La spiegazione dell’esito elettorale veneto è abbastanza semplice: la Lega vince, con Zaia, sapendo rappresentare sia il governo (locale e regionale) sia la protesta contro le politiche di Roma (e di Bruxelles).

La sinistra non riesce a fare né una cosa né l’altra, con Alessandra Moretti e la sua coalizione ma anche con le proposte alternative in campo. Sulla carta, il programma del centrosinistra veneto era il più avanzato da almeno vent’anni, mentre la candidata presidente, al di là di qualche gaffe e battuta discutibile, era accreditata di una certa efficacia comunicativa e di una certa concretezza politica (confermata dalle esperienze amministrative e dal curriculum elettorale vincente), mentre le forze aggregate coprivano un arco vasto (a fronte di una divisione del fronte avverso, con la scissione di Tosi).

Eppure non ha funzionato. Fuori coalizione, l’acuirsi del profilo controriformista del governo Renzi (tra Jobs Act, Italicum e scuola), aprivano uno spazio largo d’iniziativa. Neanche questo, però, ha funzionato. Le percentuali della sinistra dentro e fuori la coalizione sono le minime da sempre. La grandissima parte dello spazio politico tra governo e opposizione è stata saturata da Zaia (e, dal lato della protesta, anche dal M5S, malgrado il suo risultato sia fra i peggiori d’Italia).

Chi ha convinto Zaia? Un Veneto scosso dalla crisi, che vede segnali di ripresa ma che teme siano illusori, angosciato da cassa integrazione, licenziamenti, fallimenti, mutui, tassi d’interesse, crediti usurai, mercato del lavoro spietato, concorrenza d’impresa feroce, infrastrutture caotiche, stravolgimento del quadro ambientale e sociale nella non gestita «metamorfosi» in atto (per citare il titolo di un utile e recente libro di Daniele Marini, edito da Marsilio).

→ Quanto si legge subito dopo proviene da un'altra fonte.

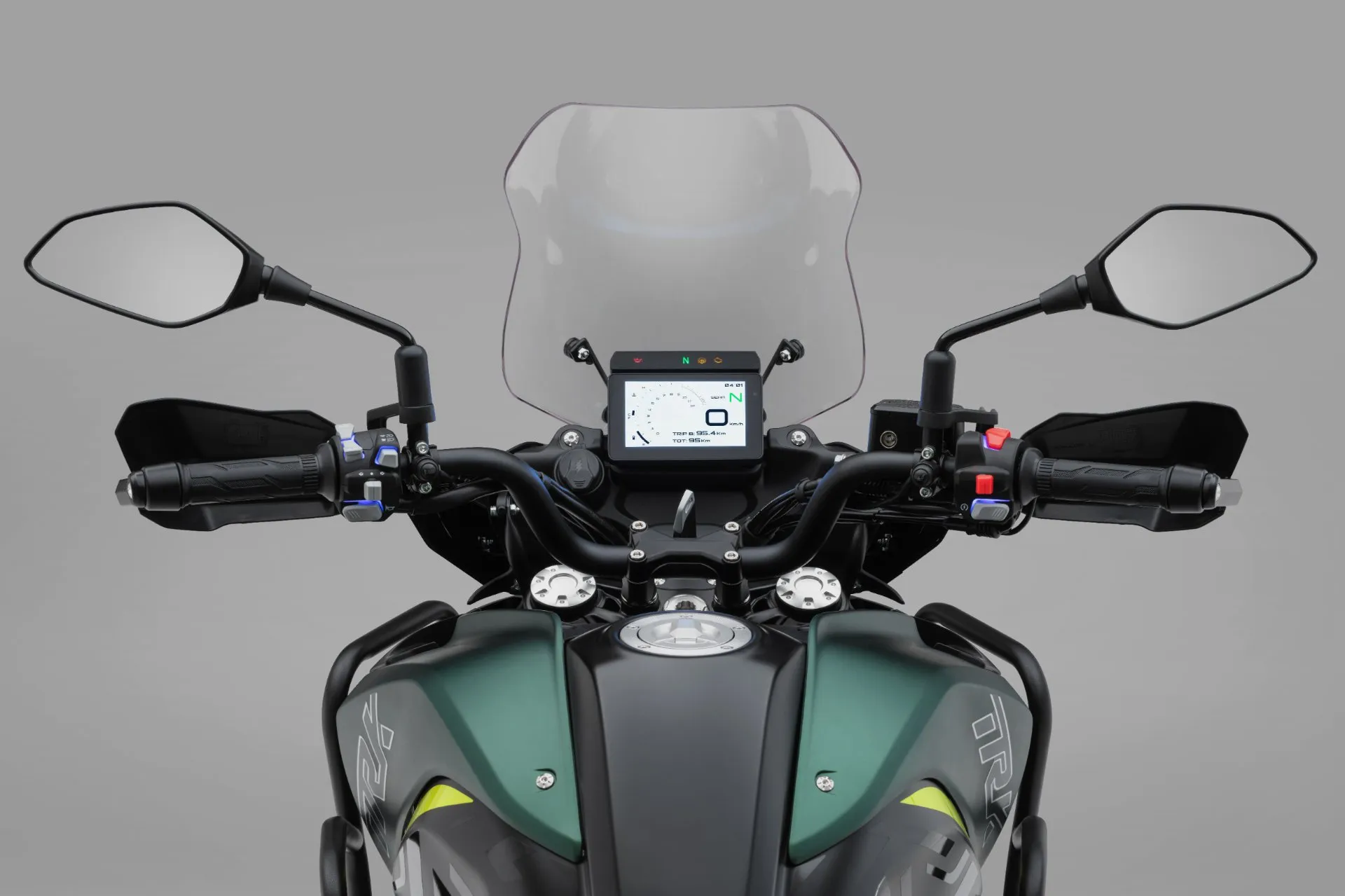 Benelli trk 702 x 2026 galerie 03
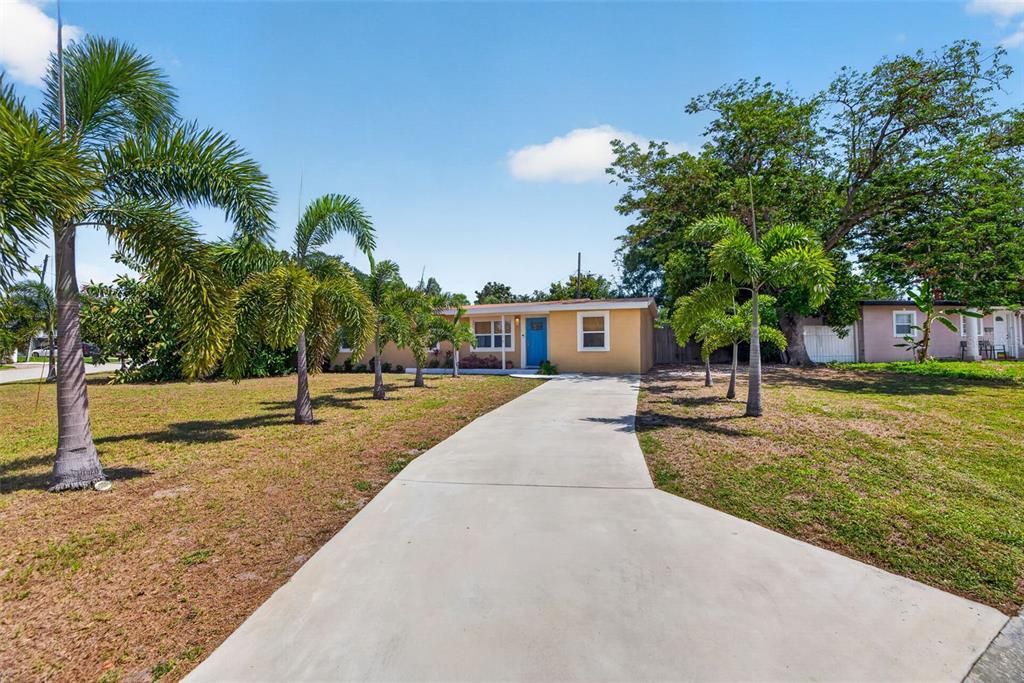 En Venta: $425,000 (3 camas, 1 baños, 1305 Pies cuadrados)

Ma anche stanco da una richiesta inevasa di autonomia, di federalismo, un’istanza qui potentemente presente e che la sinistra assume solo quando la Lega cresce ma che viene poi dimenticata non appena la Lega declina (com’era accaduto negli anni scorsi, prima del truce ma formidabile rilancio salviniano).

Tutto ciò, nel travaglio del melting pot ribollente che significa soprattutto ignavia e iniquità delle politiche sull’immigrazione, che aprono spazi alla predicazione xenofoba e agli imprenditori politici della paura, un tempo i Gentilini e i Bossi oggi i Bitonci e i Salvini.

Zaia è la figura sintesi. La sinistra non ha saputo proporre un’alternativa perché non ha fornito risposte originali e concrete ma, al più, nell’azione di governo a Roma e spesso localmente, suggestioni o rivisitazioni «moderate» delle stesse ricette leghiste e liberiste. Certo, poi ci vuole anche la faccia tosta di Zaia, l’abilità a dipingersi come estraneo non solo giudiziariamente ma anche politicamente alla corruzione che ha segnato l’amministrazione da lui guidata (o di cui era il vice, con Galan) di cui lo scandalo Mose è solo il più eclatante esempio, così da porsi come l’uomo giusto per governare anche un Veneto giunto, dopo scandali e crisi, al suo «anno zero» (per citare un altro fresco libro importante, di Renzo Mazzaro, edito da Laterza).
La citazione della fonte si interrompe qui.